PROBLEM TO WORK ON. Set down every record below exactly as written, but leave out the pictures.

Saved data entries.
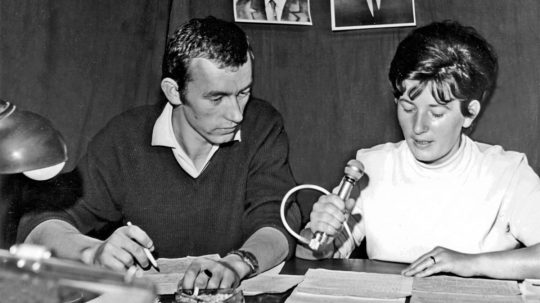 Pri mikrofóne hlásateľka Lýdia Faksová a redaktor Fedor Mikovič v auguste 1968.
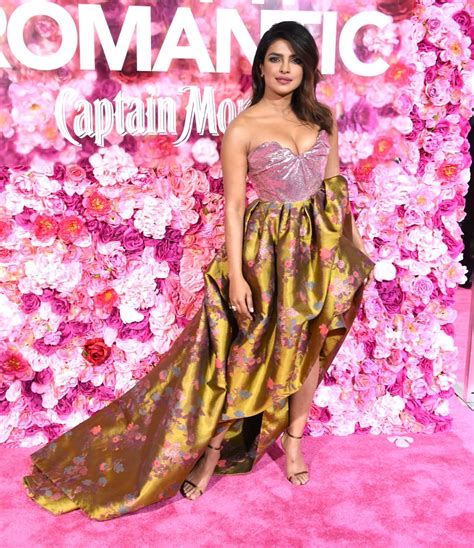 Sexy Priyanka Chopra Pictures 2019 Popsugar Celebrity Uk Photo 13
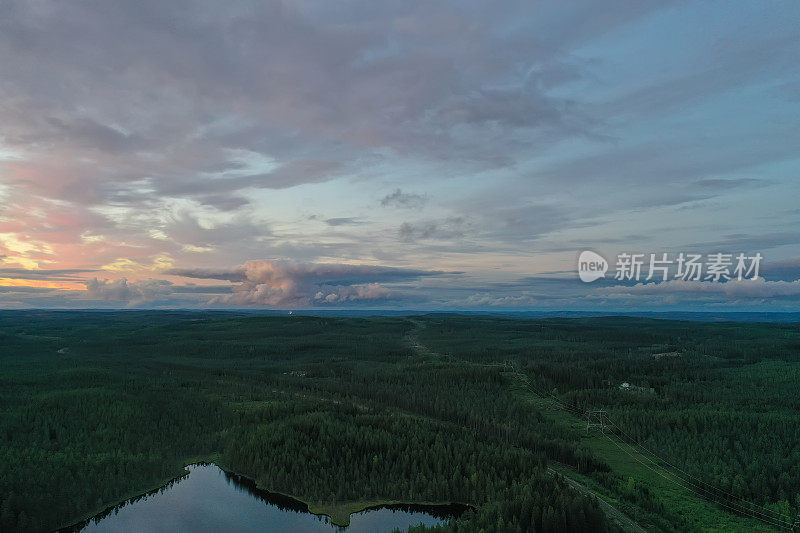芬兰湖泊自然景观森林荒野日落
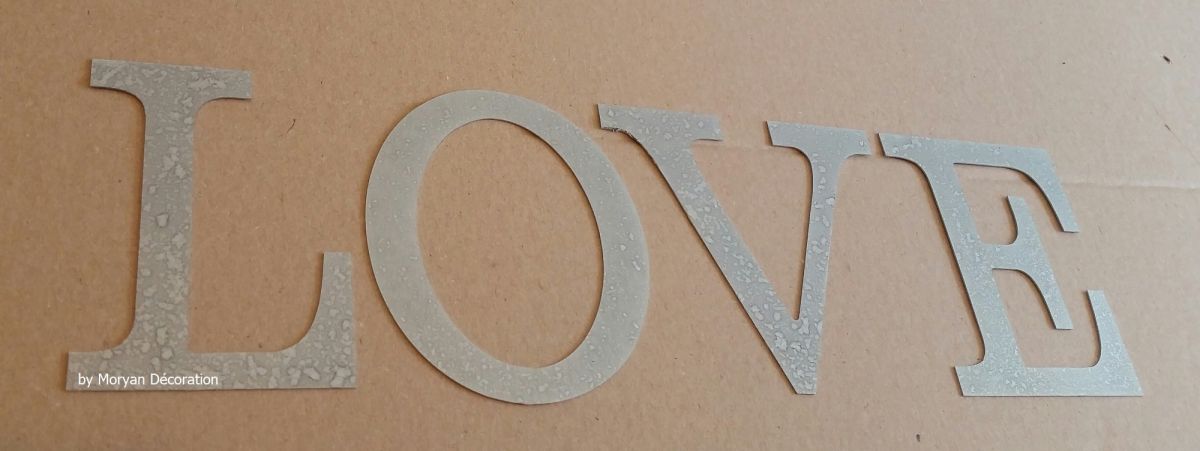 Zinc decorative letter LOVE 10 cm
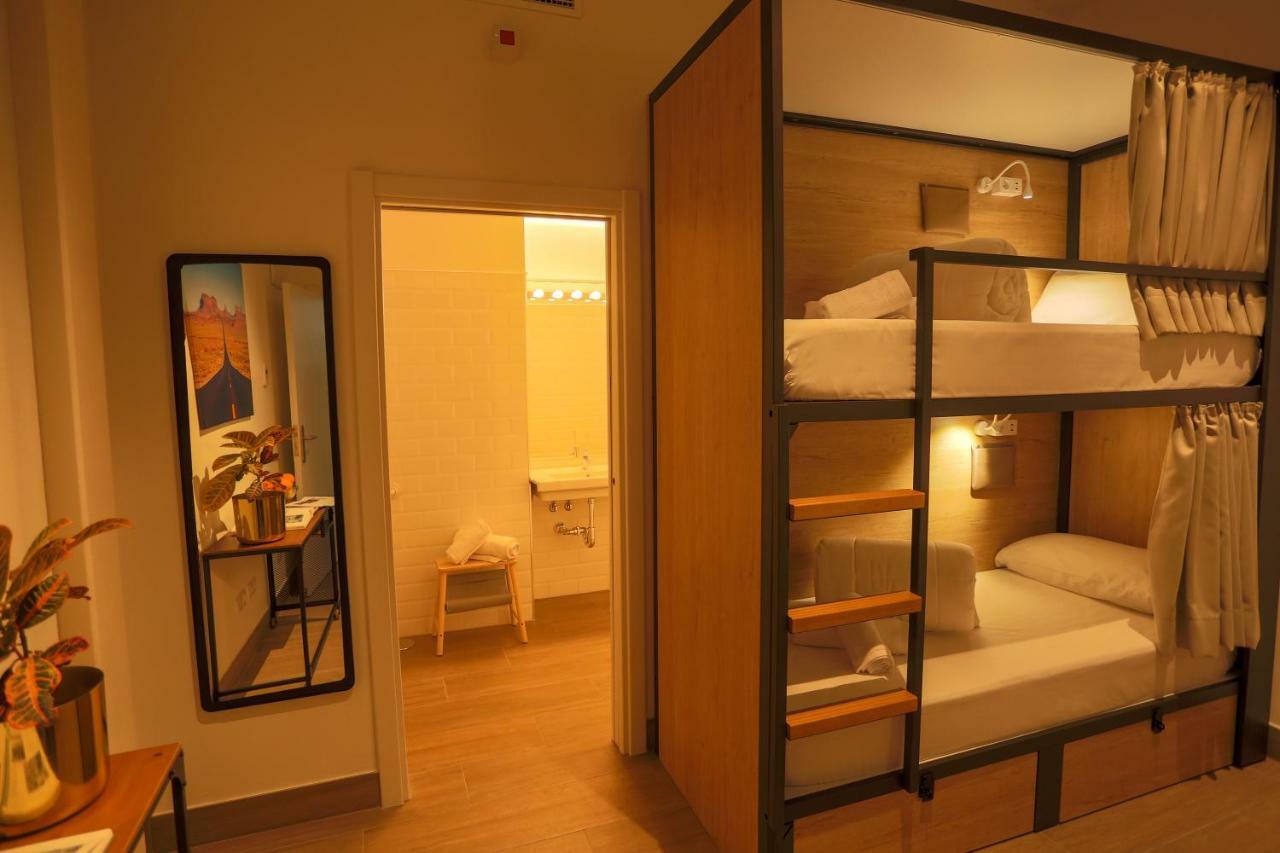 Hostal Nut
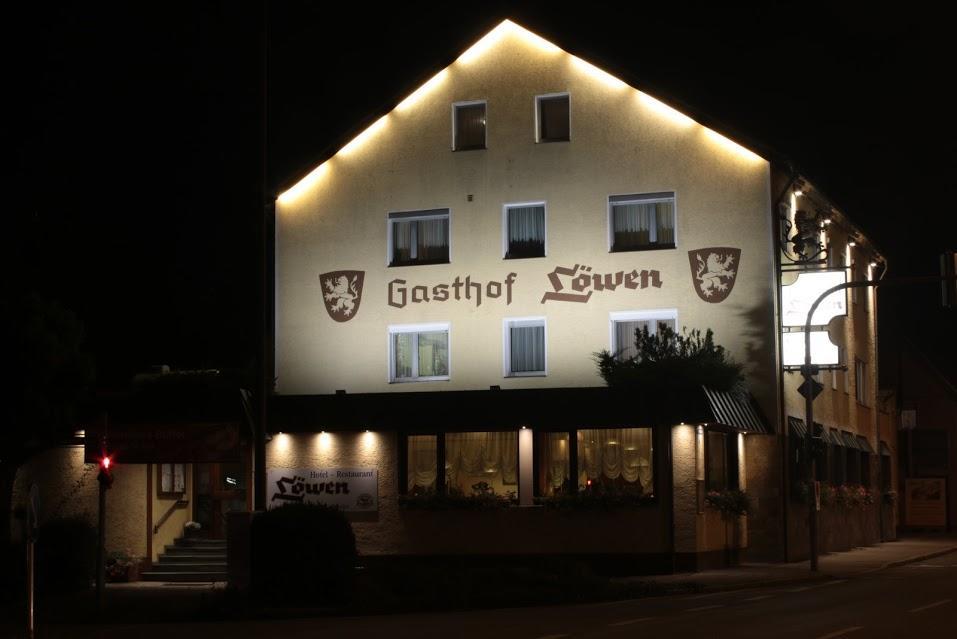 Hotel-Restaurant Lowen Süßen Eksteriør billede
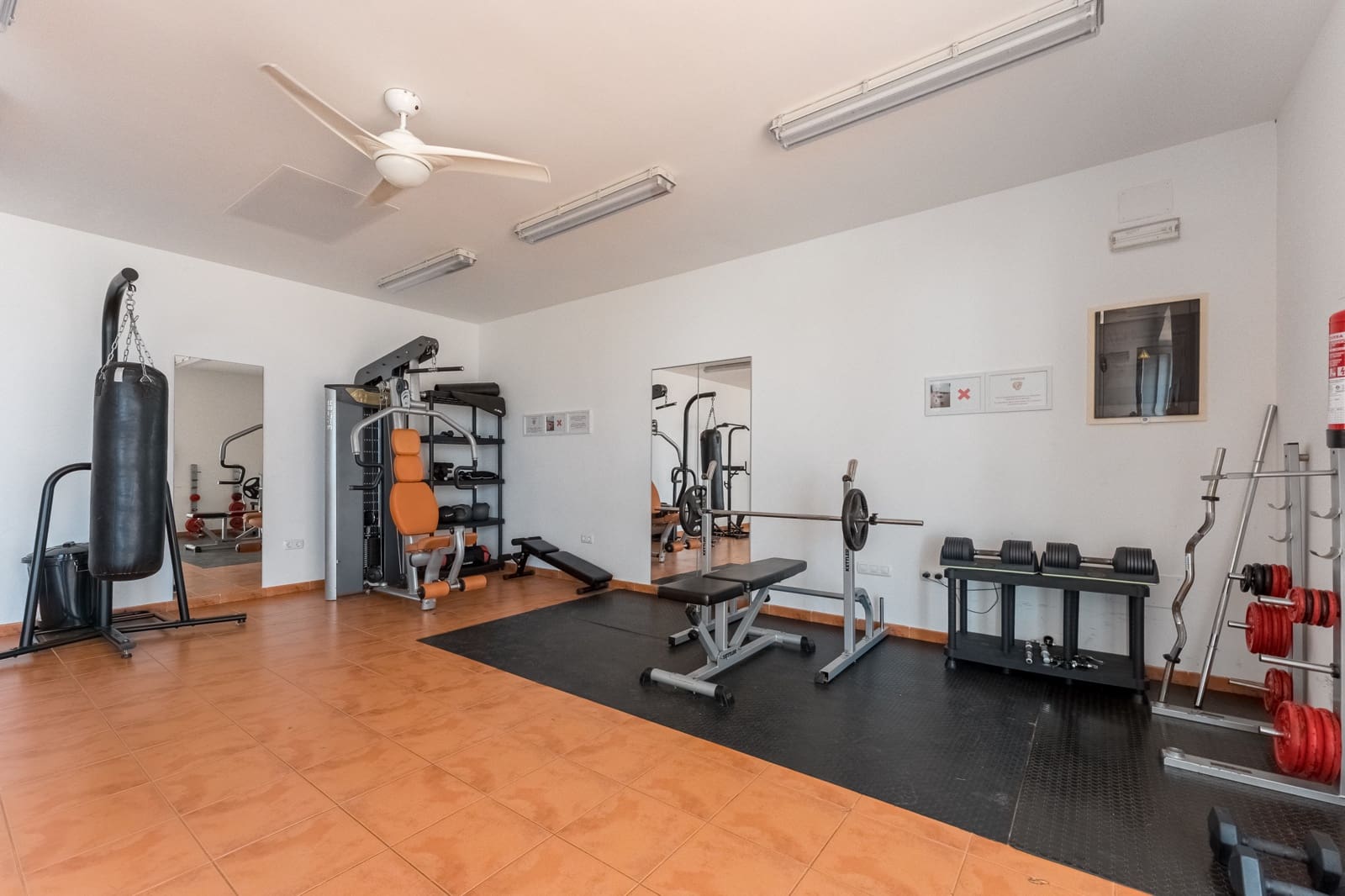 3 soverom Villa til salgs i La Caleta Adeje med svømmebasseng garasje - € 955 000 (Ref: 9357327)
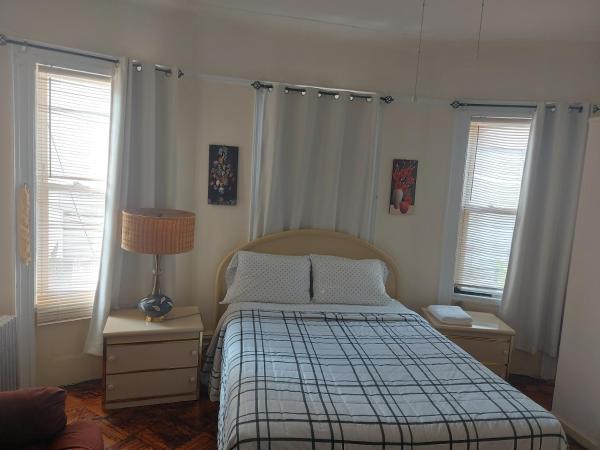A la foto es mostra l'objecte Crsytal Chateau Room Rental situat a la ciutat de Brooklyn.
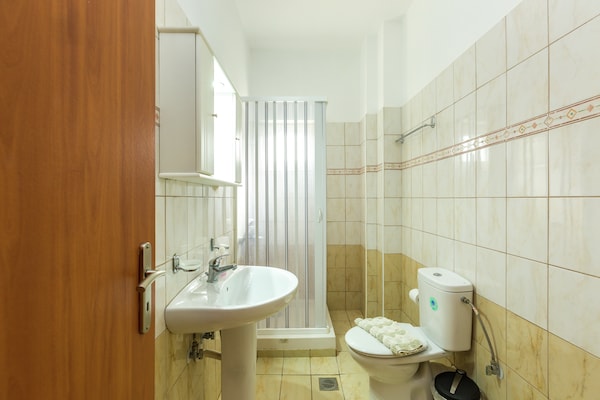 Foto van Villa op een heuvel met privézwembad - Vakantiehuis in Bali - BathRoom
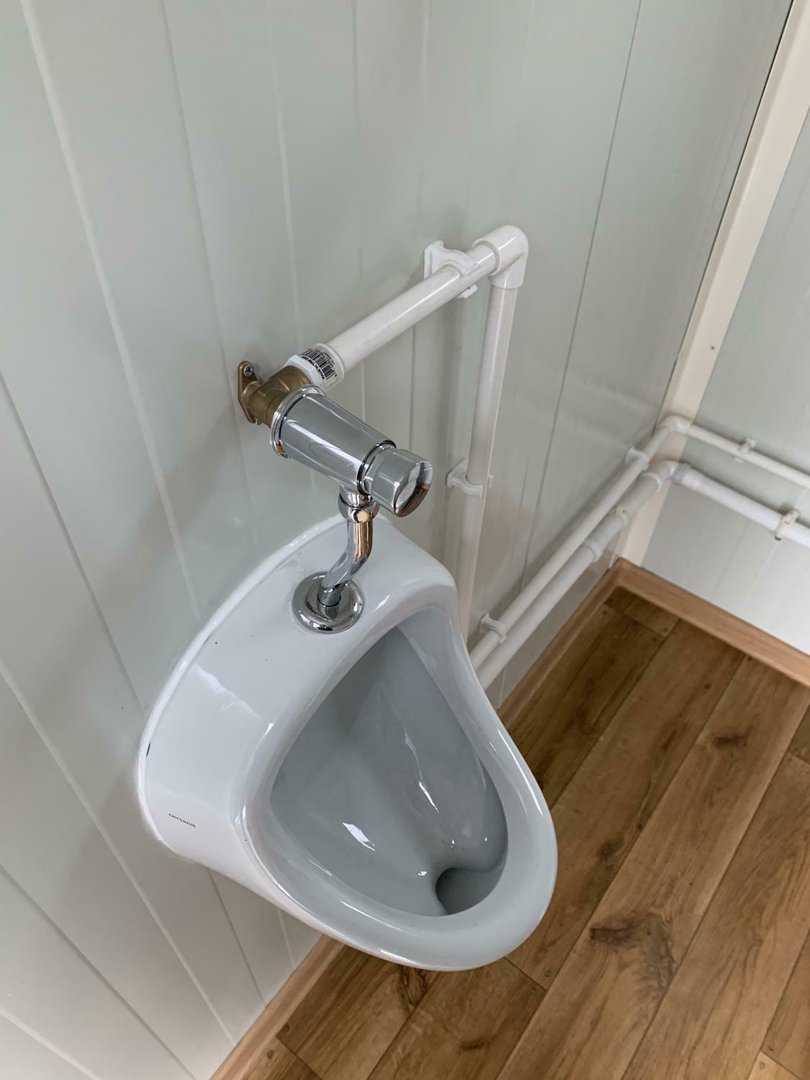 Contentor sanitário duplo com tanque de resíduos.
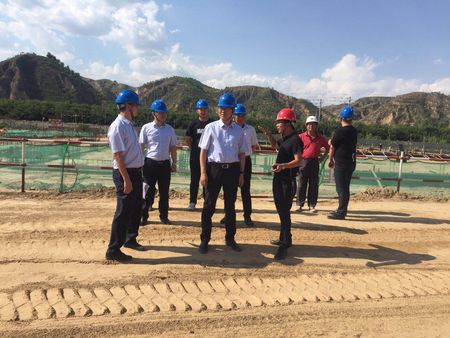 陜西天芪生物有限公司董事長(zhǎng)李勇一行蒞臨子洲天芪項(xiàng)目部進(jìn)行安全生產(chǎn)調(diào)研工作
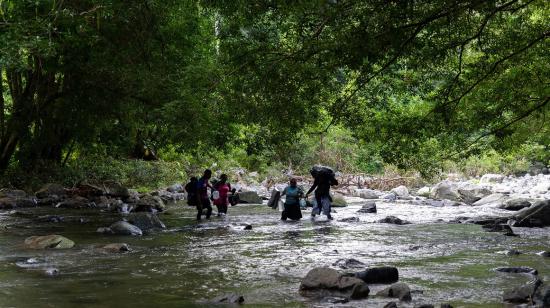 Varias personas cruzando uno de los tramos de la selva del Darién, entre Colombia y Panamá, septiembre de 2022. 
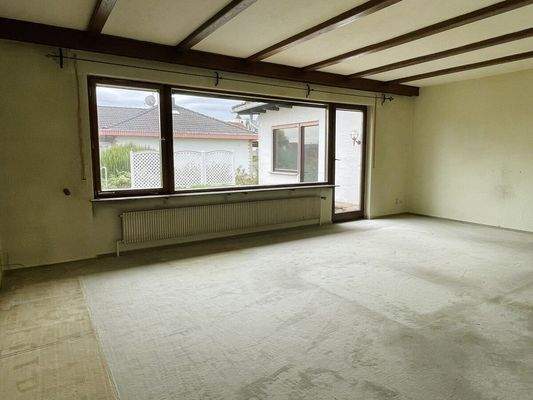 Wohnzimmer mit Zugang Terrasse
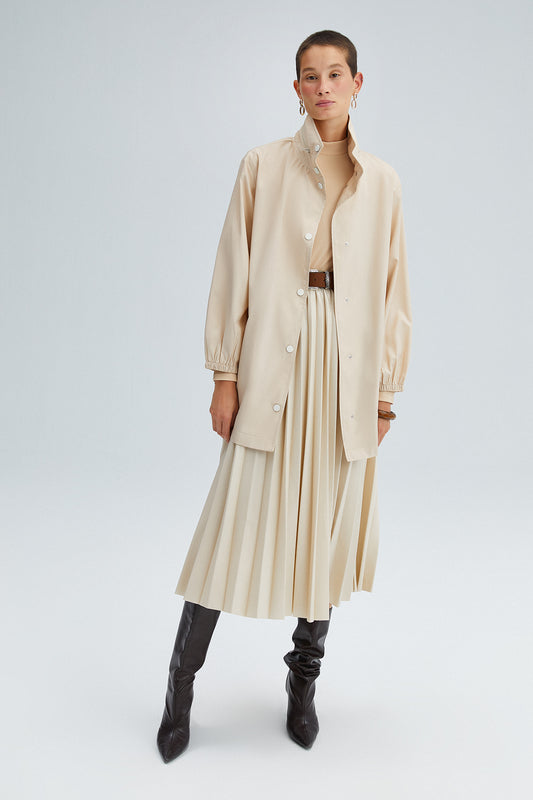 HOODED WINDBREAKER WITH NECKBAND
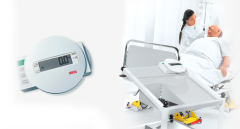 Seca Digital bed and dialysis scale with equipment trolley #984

WORKED SOLUTION.
 Pri mikrofóne hlásateľka Lýdia Faksová a redaktor Fedor Mikovič v auguste 1968.
 Sexy Priyanka Chopra Pictures 2019 Popsugar Celebrity Uk Photo 13
芬兰湖泊自然景观森林荒野日落
 Zinc decorative letter LOVE 10 cm
 Hostal Nut
 Hotel-Restaurant Lowen Süßen Eksteriør billede
 3 soverom Villa til salgs i La Caleta Adeje med svømmebasseng garasje - € 955 000 (Ref: 9357327)
A la foto es mostra l'objecte Crsytal Chateau Room Rental situat a la ciutat de Brooklyn.
 Foto van Villa op een heuvel met privézwembad - Vakantiehuis in Bali - BathRoom
 Contentor sanitário duplo com tanque de resíduos.
 陜西天芪生物有限公司董事長(zhǎng)李勇一行蒞臨子洲天芪項(xiàng)目部進(jìn)行安全生產(chǎn)調(diào)研工作
 Varias personas cruzando uno de los tramos de la selva del Darién, entre Colombia y Panamá, septiembre de 2022. 
 Wohnzimmer mit Zugang Terrasse
 HOODED WINDBREAKER WITH NECKBAND
 Seca Digital bed and dialysis scale with equipment trolley #984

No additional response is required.